PROFESSOR: If I didn't notice that, hey, there are L words-- There are L new words, W words total, so W minus L words repeat themselves. So this is how many times the if is going to be true. If I didn't have that, then I could see that line 7 breaks out of the loop. So if that if runs once, then we're done. We're out of the loop. It's not going to run again. So a bound that's not as precise as the one you gave me is 1 times W, because it runs, at most, once per loop.

Does people see this? So this is an easy way to cop out of thinking. And I don't like to think more than necessary, because you have finite time on a test or in life, and you don't want to spend too much time on one thing. We covered the loop. Let's look at else and append.

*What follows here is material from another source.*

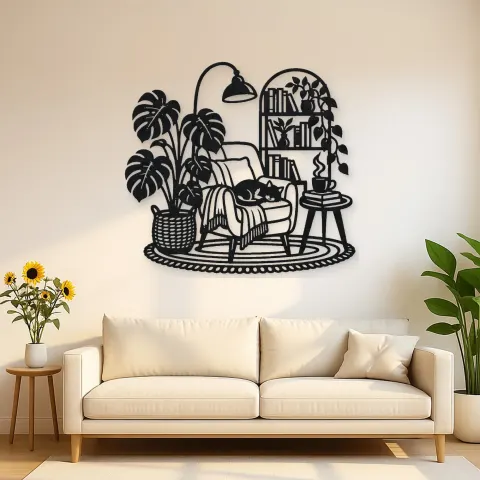 Books and Plant Metal Wall Art | Cozy Home Metal Decor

I already got a helpful question, so I explained when the else would run. The running time for else. Else is a flow-- control flow statement. It's like break, so Python will keep track of whether a loop completed or not in constant time. I'll give you that. That's in the cost model. How many times does this else run, at most? OK, L. Good. Perfect. How about line 9? Loop stops here. How about line 9? How many times does it run? That's easy.

AUDIENCE: [INAUDIBLE].

PROFESSOR: Yep. And what does it do? It's an append. What's the cost for append?

AUDIENCE: Constant.

PROFESSOR: OK Line 10 runs how many times? What's the cost?

AUDIENCE: 1?

PROFESSOR: You guys didn't listen to me last time. So I was saying you have to look at the notes and you have to practice this. Because you have to have this model in your mind. So that when you're writing code, this has to happen automatically. You shouldn't have to think explicitly about it. Because if you do, you're not going to do it.

AUDIENCE: For the else, shouldn't it be W tim-- I mean, it would be called W times not L times? Because you want to look at the outer loop and not the inner loop? So it can-- you call all-- once at the end of the total-- the inner for. Right? So, so it could be-- happen W times, maximum, not L times. 'Cause the L is the for loop that the else coincides with. And the else would only happen once for every total iteration of that.

PROFESSOR: OK so you're proposing W as the bound for the else, right? Here.

AUDIENCE: Yeah.

PROFESSOR: So I could say, hey, it runs, at most, once for outer loop. So it's, at most, W times. This is a nice, easy argument. We have a bound. L is a tighter bound. And when I got L, what happened here was the same kind of thinking that you did earlier to get this. So this bound is good, this bound is tighter. This bound is good, this bound is tighter. And the argument behind this one is that, hey, this else only happens for new words. If there's no new-- if the word that I looked at is old, then break is going to execute. And else is not going to execute. So that's why I can say L.

The beauty of asymptotics is that I can use either of the bounds and I'll still get the correct running time. So I'm not going to fuss over it too much. I like the tighter ones, because it means you guys are thinking. And you're looking at the algorithm, and you're understanding it. But if you don't have them, you'll still get the correct running times. So I think that's nice.

PROFESSOR: OK, let's get the running time for everything. Can someone do it in one step? Then let's do it step by step. So let's compute partial products. What are they?

AUDIENCE: 1. W. LW. L, W, little w-- with the bar.

AUDIENCE: (LAUGHING) With the bar.

PROFESSOR: Awesome.

AUDIENCE: W minus L. W. L, L, 1.

PROFESSOR: OK, so if I add them up, this is all asymptotic. So the biggest one will dominate. In general, I can just take a max instead of doing actual addition. So who dominates here?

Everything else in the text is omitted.